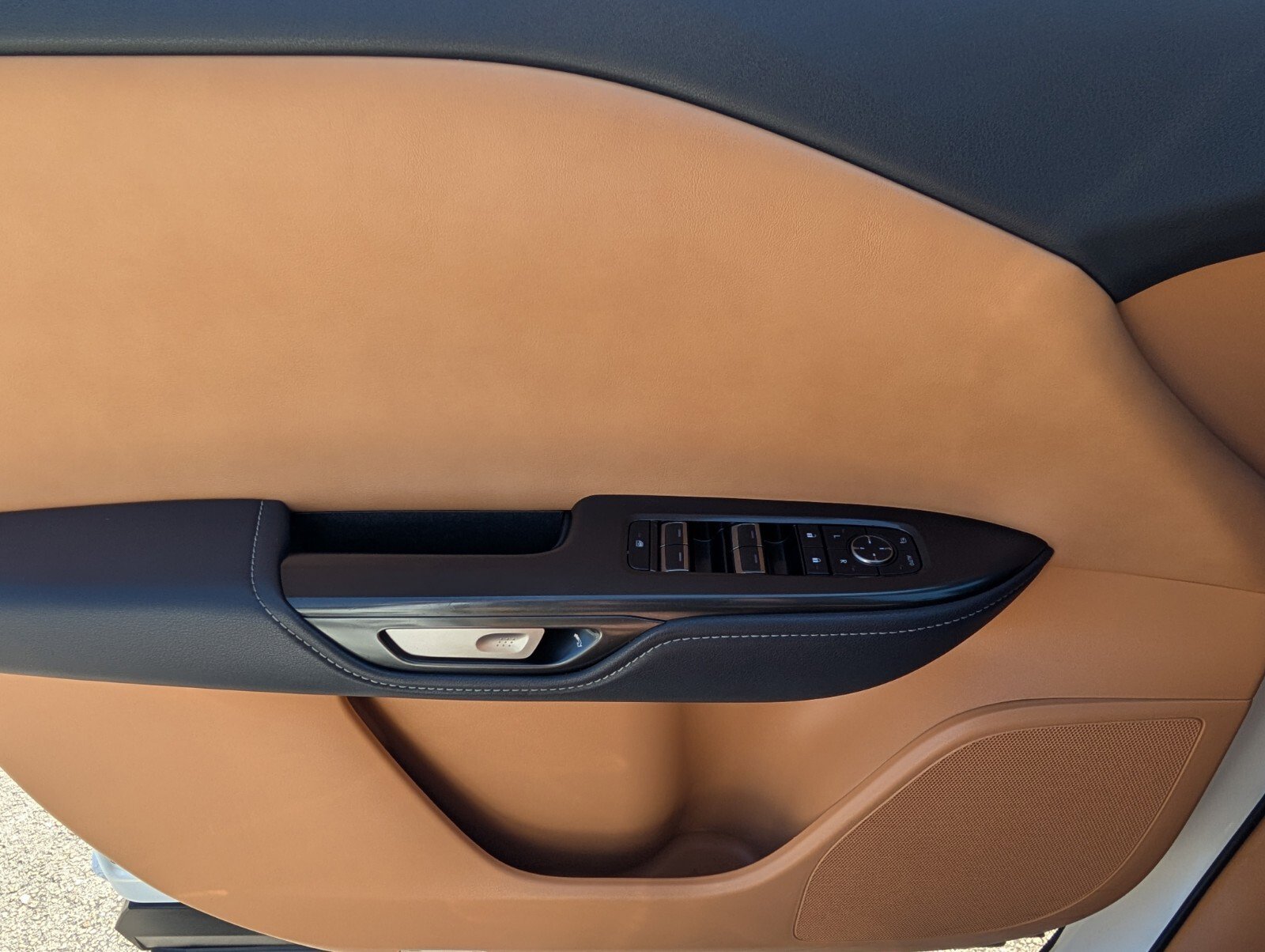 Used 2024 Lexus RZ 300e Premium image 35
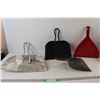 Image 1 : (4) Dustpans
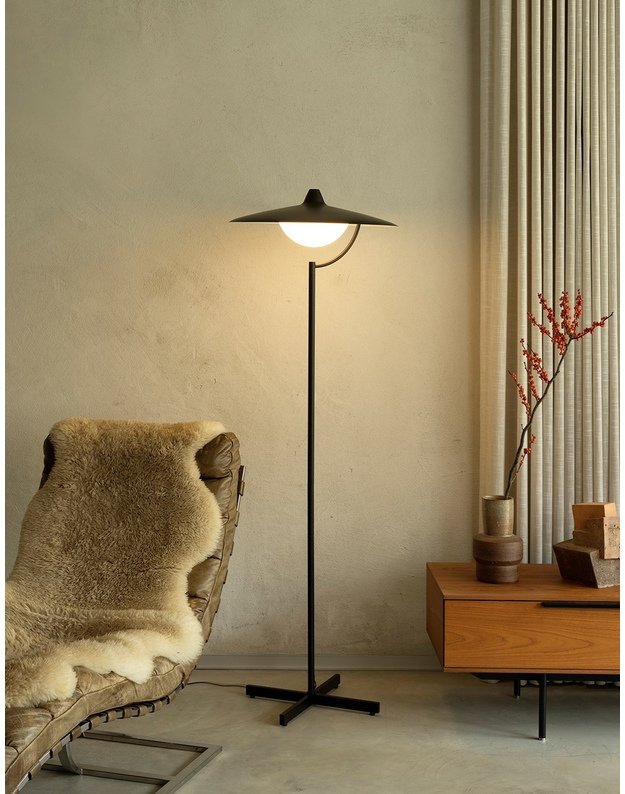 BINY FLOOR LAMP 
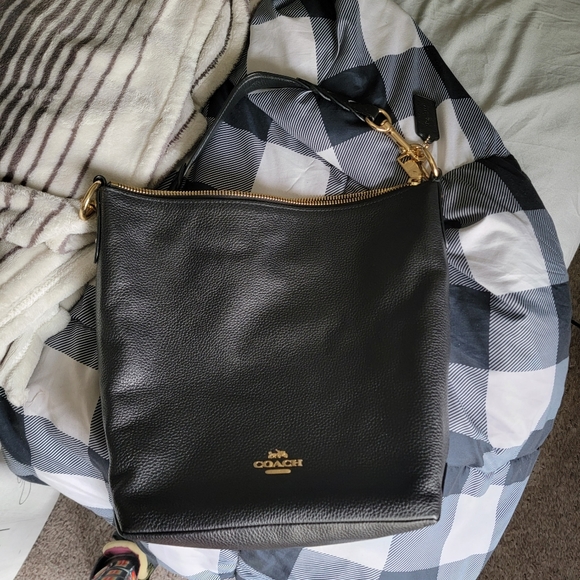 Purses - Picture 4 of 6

# [PROMPT]
Once more, please print the whole listing exactly, omitting each image.

# [SOLUTION TO THE PROBLEM]
 Used 2024 Lexus RZ 300e Premium image 35
 Image 1 : (4) Dustpans
 BINY FLOOR LAMP 
 Purses - Picture 4 of 6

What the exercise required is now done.